Robert recalls seeing his daughter’s friends struggle to put the English words together.
“We said, ‘this thing is going to work well in Hebrew. Why don’t we try do it in Hebrew?’” he says.
An accountant by training, Robert was in between jobs and looking for work he could have fun with and be passionate about. So, he called up the Bananagrams corporation, and just two days later signed a deal.
Robert prepared the Hebrew font, and the tiles were then manufactured at the company’s plant in China, before being shipped back to the family home in Ra’anana for distribution to customers in Israel and the U.S. The family, which made aliyah from Montreal, has since watched the mountain of boxes filled with banana bags decline.

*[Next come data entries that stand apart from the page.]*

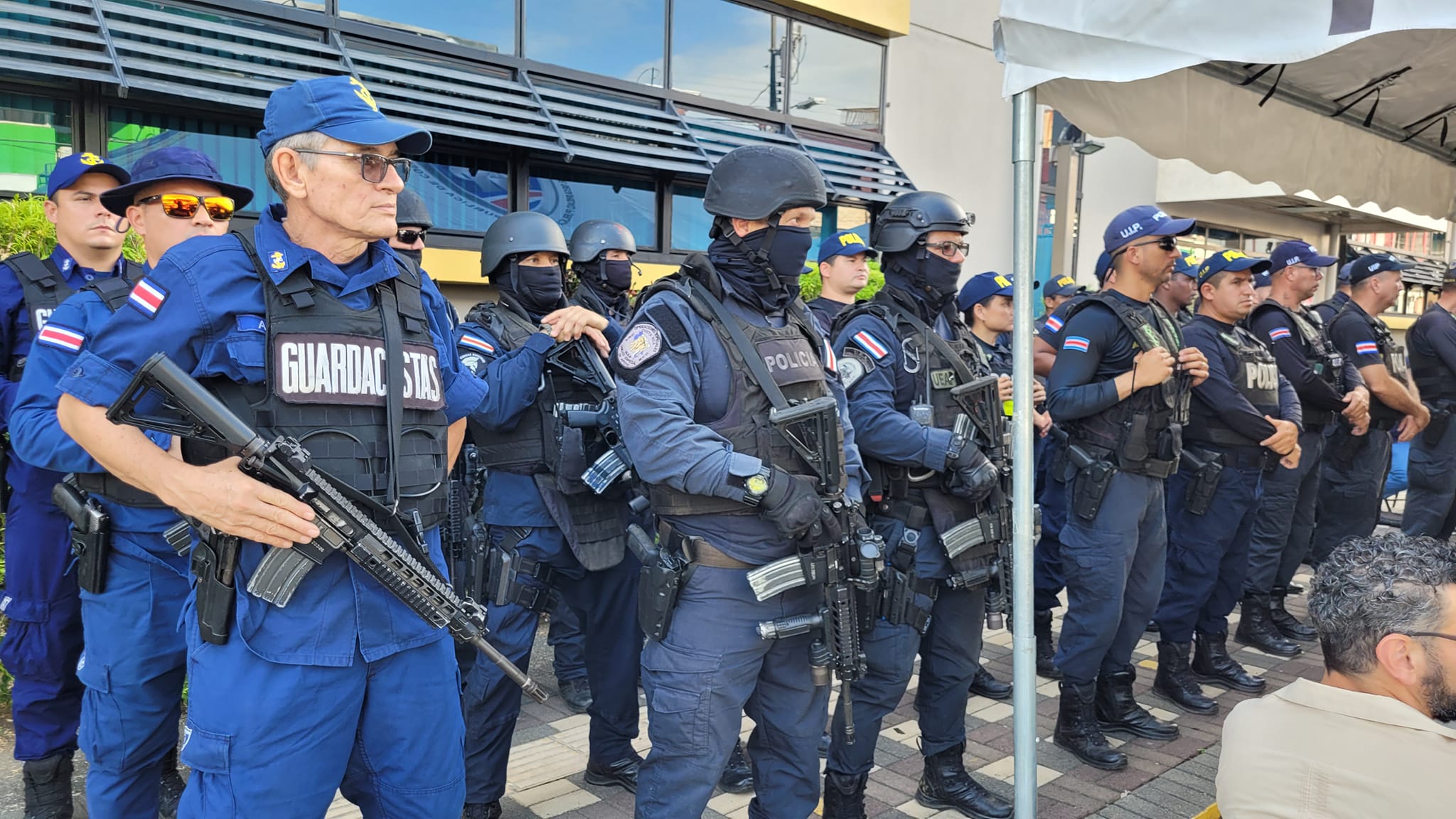Policías detuvieron a más de 900 personas en Limón desde inicio de operativo especial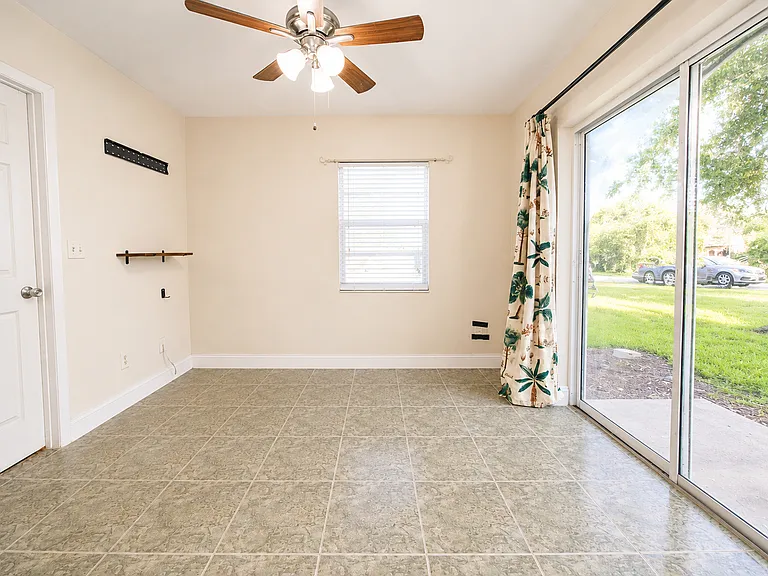 7126 Waterside Dr — Photo 23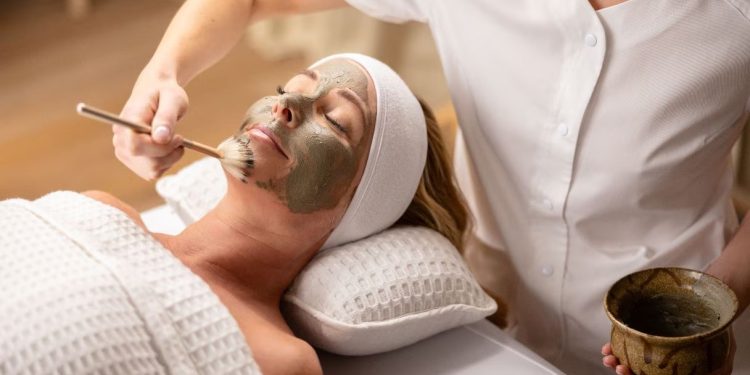 Unwind in Luxury: Crafting the Perfect Home Spa Day Experience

The August-Dalfens have sold an impressive 4,000 games out of the 5,000 they were sent in the first shipment, Robert says, with 95 percent of those sales to Israeli customers. The pile will grow again, as they have already ordered their second shipment.
Robert says it’s really a family business featuring his wife and four daughters: Talia, 20, Gila, 18, Chana, 14, and Michal, 10. Sharon and Robert sell the game at malls around Israel and have promoted it through word of mouth, friends, and their website—not to mention the banana suits.
While it’s mostly the parents running the business, (“The kids aren’t all that excited about it to be perfectly honest,” Robert says, laughing), the family enjoys playing the game together.
“My youngest enjoys it the most,” Robert says. “I get a lot of practice because every day she says, ‘Let’s play a game.’” Robert adds that his 14-year-old beats him every time.
Even if your Hebrew knowledge is fairly basic or limited, Robert says a rich vocabulary isn’t required for the game, since many three and four-letter words exist in Hebrew and there are no rarely used letters like in English. “By playing the game you really do improve your vocabulary,” he says. “I can tell you that first-hand.”
The family has mostly targeted English-speaking Israelis, since they are already familiar with the game, and has promoted it among Shabbat observers in Israel since it makes for a low-tech Shabbat game. But since December, the August-Dalfens are doing more outreach to the general Israeli market and also began shipping to the U.S. out of the Bananagrams office in Providence, RI.
“I think this is something that’s going to catch on,” says Robert, who is looking to bring Hebrew Bananagrams into North American Jewish day school classrooms and game rooms at corporations like Microsoft. The family has already prepared an online educational package to accompany the game and is moving forward on a smart phone application.
“It’s been a small success in Israel and hopefully [we’ll] make it a big success where it’ll become a more well known classic game,” he says, adding that he has received “tremendous” feedback from Israelis.
Bananagrams, named Toy Fair’s 2009 “Game of the Year,” is also available in English, French, Spanish, German and Norwegian.
“We are beyond thrilled to release Hebrew Bananagrams,” said Rena Nathanson, CEO of Bananagrams, Inc., in a statement. “Bananagrams is already bigger than our wildest dreams with more than five million of these little yellow pouches floating around the world, and this opens up the fun to a whole new audience.”